* **What this task involves**:
Each line between the one holding "12.10.2025 - Bramfelder" and the end of the material below, both included, is to be transcribed word for word, with pictures left out.

* **Provided data**:
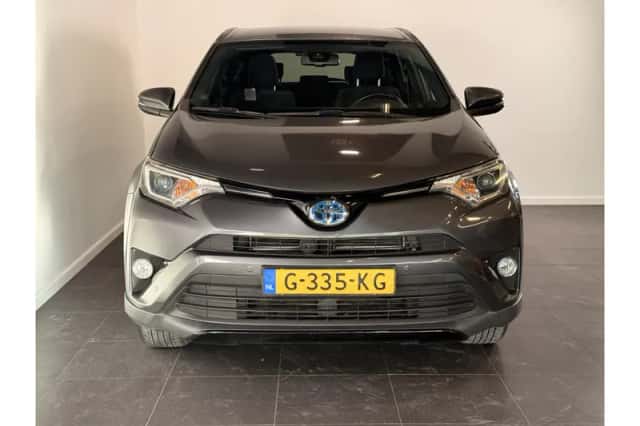 Toyota RAV4 (2018) thumbnail 4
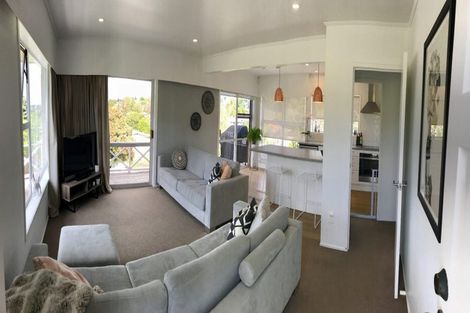 Photo of property in 1/54 Ayton Drive, Totara Vale, Auckland, 0629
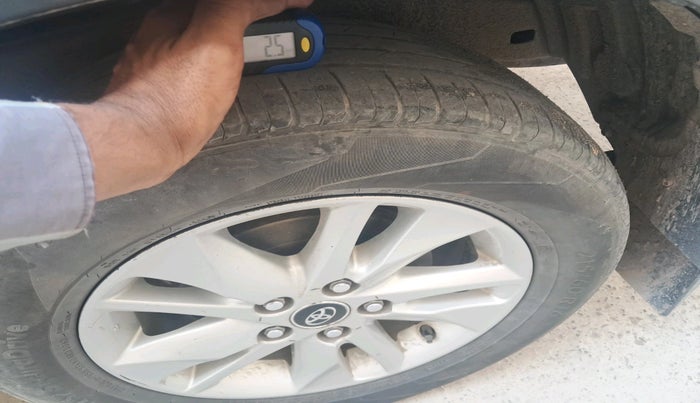 2018 Toyota Innova Crysta 2.4 VX 7 STR, Diesel, Manual, 1,86,467 km, tyre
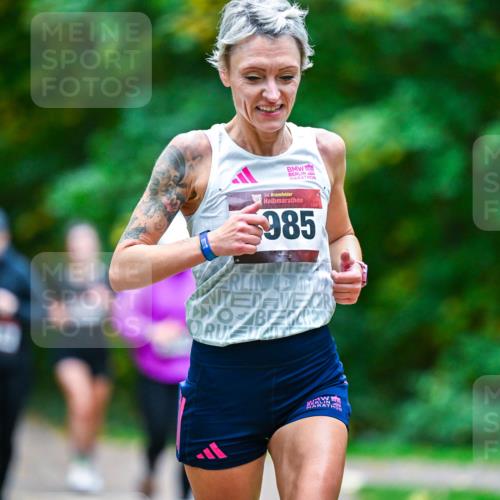 12.10.2025 - Bramfelder Halbmarathon 2025 Dr. Thomas Lammeyer http://msf.ph/oto/9351009 12.10.2025 10:37:01 Laufen 34, 985 meine-sportfotos.de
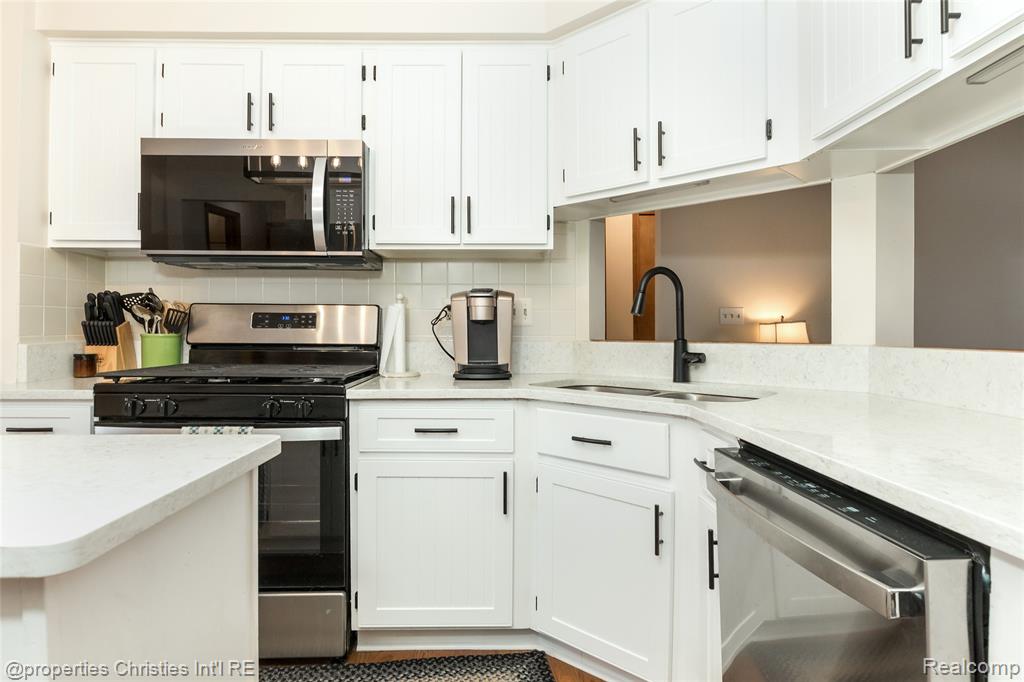 47192 Sanborn Drive, Macomb, MI 48044 — Photo 11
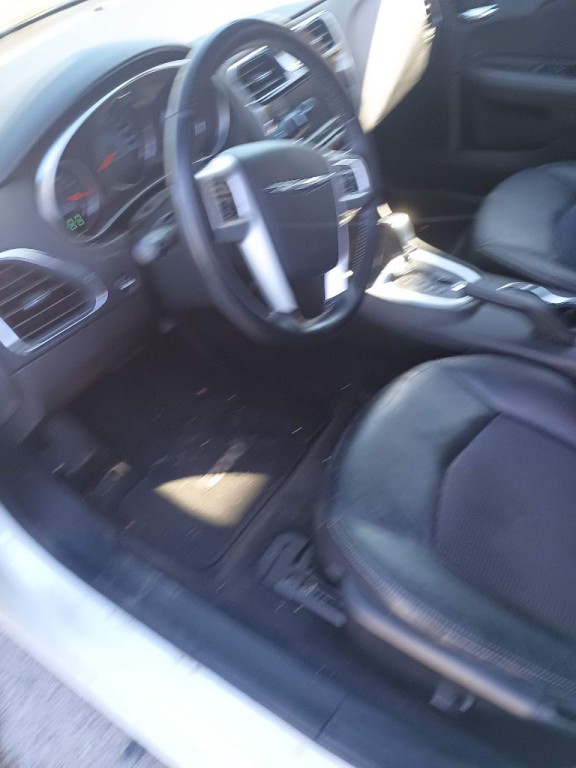 2011 Chrysler 200 Image 8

* **Result of this task**:
 12.10.2025 - Bramfelder Halbmarathon 2025 Dr. Thomas Lammeyer http://msf.ph/oto/9351009 12.10.2025 10:37:01 Laufen 34, 985 meine-sportfotos.de
 47192 Sanborn Drive, Macomb, MI 48044 — Photo 11
 2011 Chrysler 200 Image 8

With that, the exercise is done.